5. The outward elements in this sacrament, duly set apart to the uses ordained by Christ, have such relation to him crucified that truly, yet sacramentally only, they are sometimes called by the name of the things they represent, namely the body and blood of Christ. However, in substance and nature, they still remain truly and only bread and wine, as they were before.
6. The doctrine that teaches a change of the substance of the bread and wine into the substance of Christ’s body and blood (commonly called “transubstantiation”) as a result of the consecration of a priest, or by any other means, is repugnant not only to Scripture but even to common sense and reason. It overthrows the nature of the sacrament, and has been and is the cause of multiple superstitions, even more, of gross idolatries.
7. Worthy receivers, outwardly partaking of the visible elements of this sacrament, also inwardly by faith receive and feed on Christ crucified and all the benefits of his death, really and in fact, yet not bodily and physically but spiritually. The body and blood of Christ is not bodily or physically “in”, “with”, or “under” the bread and wine, yet is really but spiritually present to the faith of believers in this ordinance, just as the elements themselves are present to their outward senses.

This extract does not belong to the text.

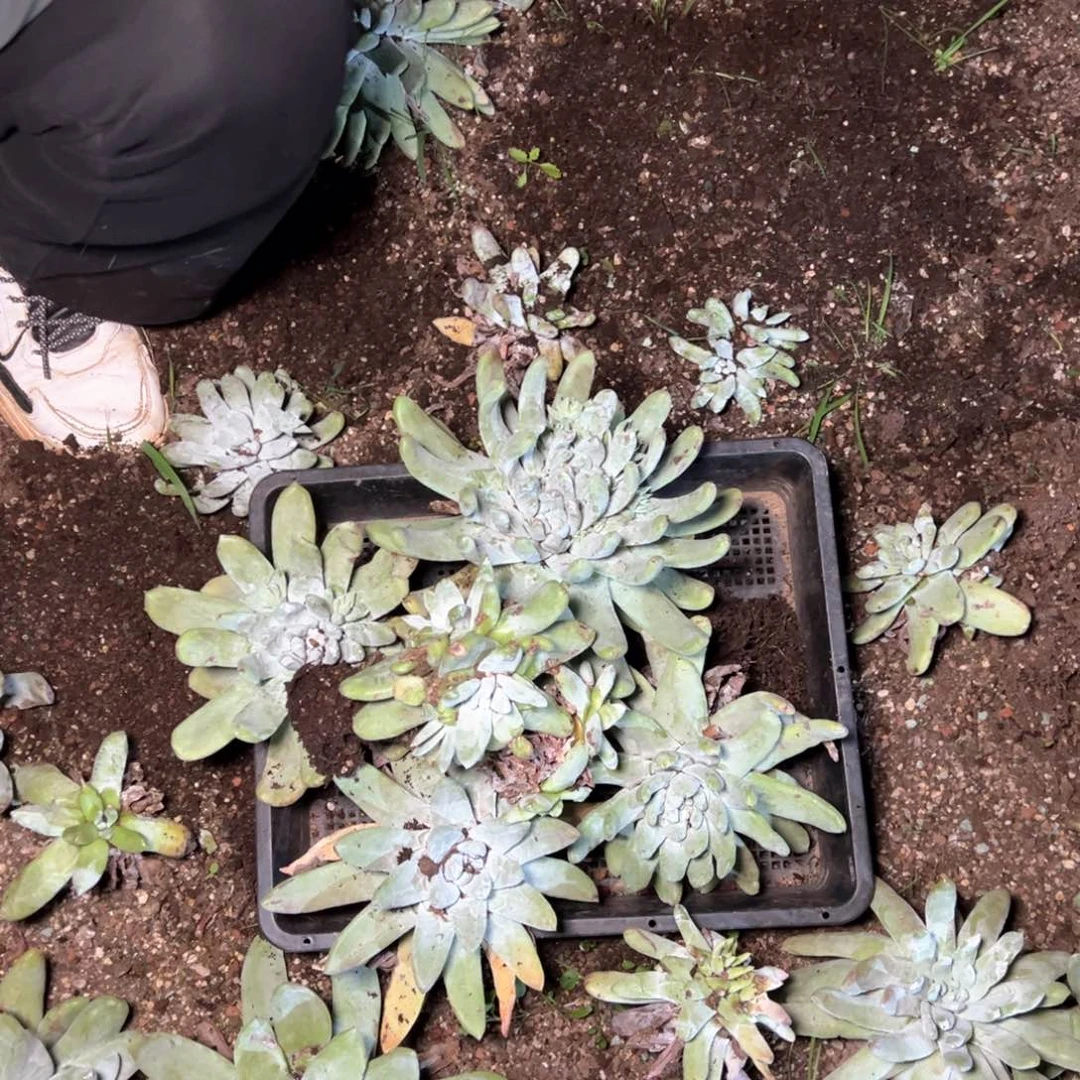 5547哈哈哈哈哈哈哈哈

8. Although ignorant and wicked people may receive the outward elements in this sacrament, yet they do not receive the thing signified by it. By their unworthily coming to it, they are guilty of the body and blood of the Lord, to their own damnation. Therefore all ignorant and ungodly persons, because they are unfit to enjoy communion with him, are unworthy of the Lord’s table and cannot, without great sin against Christ, partake of these holy mysteries or be admitted to them, as long as they remain that way.